Status in linux package in Ubuntu:
  In Progress
Status in linux source package in Bionic:
  Fix Committed

Bug description:

  == SRU Justification ==
  This bug causes the machine to get stuck and bonding to not work when
  the nvmet_rdma module is loaded.

  Both of these commits are in mainline as of v4.17-rc1.

  == Fixes ==
  a3dd7d0022c3 ("nvmet-rdma: Don't flush system_wq by default during 
remove_one")
  9bad0404ecd7 ("nvme-rdma: Don't flush delete_wq by default during remove_one")

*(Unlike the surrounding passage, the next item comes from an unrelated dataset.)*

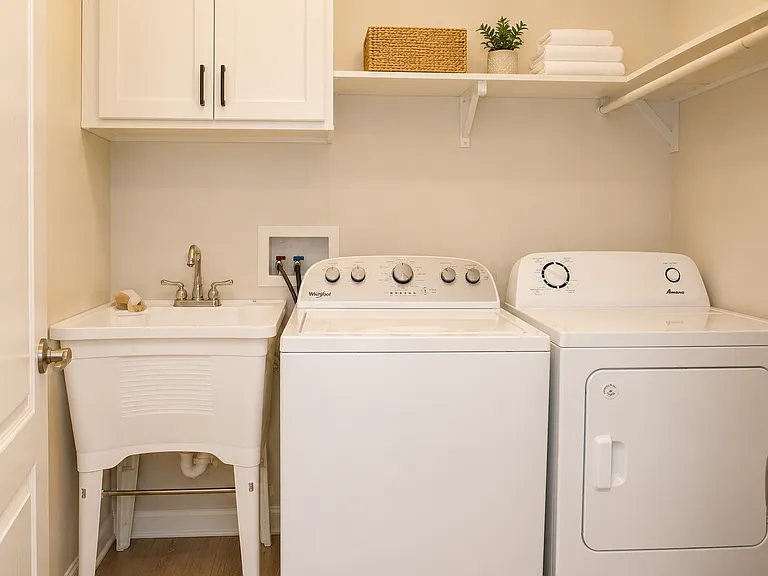 10940 Verawood Dr — Photo 22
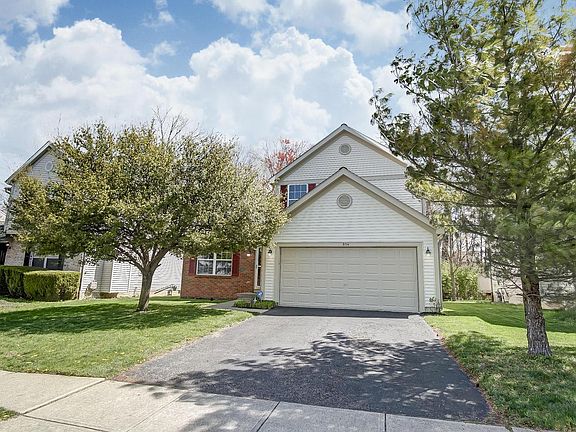 2nd image of 814 Windy Hill Ln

  == Regression Potential ==
  Low.  Limited to nvme driver and tested by Mellanox.

  == Test Case ==
  A test kernel was built with these patches and tested by the original bug 
reporter.
  The bug reporter states the test kernel resolved the bug.


  
  == Original Bug Description ==

  Hi
  Machine stuck after unregistering bonding interface when the nvmet_rdma 
module is loading.

  scenario:

   # modprobe nvmet_rdma
   # modprobe -r bonding
   # modprobe bonding  -v mode=1 miimon=100 fail_over_mac=0
   # ifdown eth4
   # ifdown eth5
   # ip addr add 15.209.12.173/8 dev bond0
   # ip link set bond0 up
   # echo +eth5 > /sys/class/net/bond0/bonding/slaves
   # echo +eth4 > /sys/class/net/bond0/bonding/slaves
   # echo -eth4 > /sys/class/net/bond0/bonding/slaves
   # echo -eth5 > /sys/class/net/bond0/bonding/slaves
   # echo -bond0 > /sys/class/net/bonding_masters

  dmesg:

  kernel: [78348.225556] bond0 (unregistering): Released all slaves
  kernel: [78358.339631] unregister_netdevice: waiting for bond0 to become 
free. Usage count = 2
  kernel: [78368.419621] unregister_netdevice: waiting for bond0 to become 
free. Usage count = 2
  kernel: [78378.499615] unregister_netdevice: waiting for bond0 to become 
free. Usage count = 2
  kernel: [78388.579625] unregister_netdevice: waiting for bond0 to become 
free. Usage count = 2
  kernel: [78398.659613] unregister_netdevice: waiting for bond0 to become 
free. Usage count = 2
  kernel: [78408.739655] unregister_netdevice: waiting for bond0 to become 
free. Usage count = 2
  kernel: [78418.819634] unregister_netdevice: waiting for bond0 to become 
free. Usage count = 2
  kernel: [78428.899642] unregister_netdevice: waiting for bond0 to become 
free. Usage count = 2
  kernel: [78438.979614] unregister_netdevice: waiting for bond0 to become 
free. Usage count = 2
  kernel: [78449.059619] unregister_netdevice: waiting for bond0 to become 
free. Usage count = 2
  kernel: [78459.139626] unregister_netdevice: waiting for bond0 to become 
free. Usage count = 2
  kernel: [78469.219623] unregister_netdevice: waiting for bond0 to become 
free. Usage count = 2
  kernel: [78479.299619] unregister_netdevice: waiting for bond0 to become 
free. Usage count = 2
  kernel: [78489.379620] unregister_netdevice: waiting for bond0 to become 
free. Usage count = 2
  kernel: [78499.459623] unregister_netdevice: waiting for bond0 to become 
free. Usage count = 2
  kernel: [78509.539631] unregister_netdevice: waiting for bond0 to become 
free. Usage count = 2
  kernel: [78519.619629] unregister_netdevice: waiting for bond0 to become 
free. Usage count = 2

  The following upstream commits that fix this issue

  commit a3dd7d0022c347207ae931c753a6dc3e6e8fcbc1
  Author: Max Gurtovoy <m...@mellanox.com>
  Date:   Wed Feb 28 13:12:38 2018 +0200

      nvmet-rdma: Don't flush system_wq by default during remove_one

      The .remove_one function is called for any ib_device removal.
      In case the removed device has no reference in our driver, there
      is no need to flush the system work queue.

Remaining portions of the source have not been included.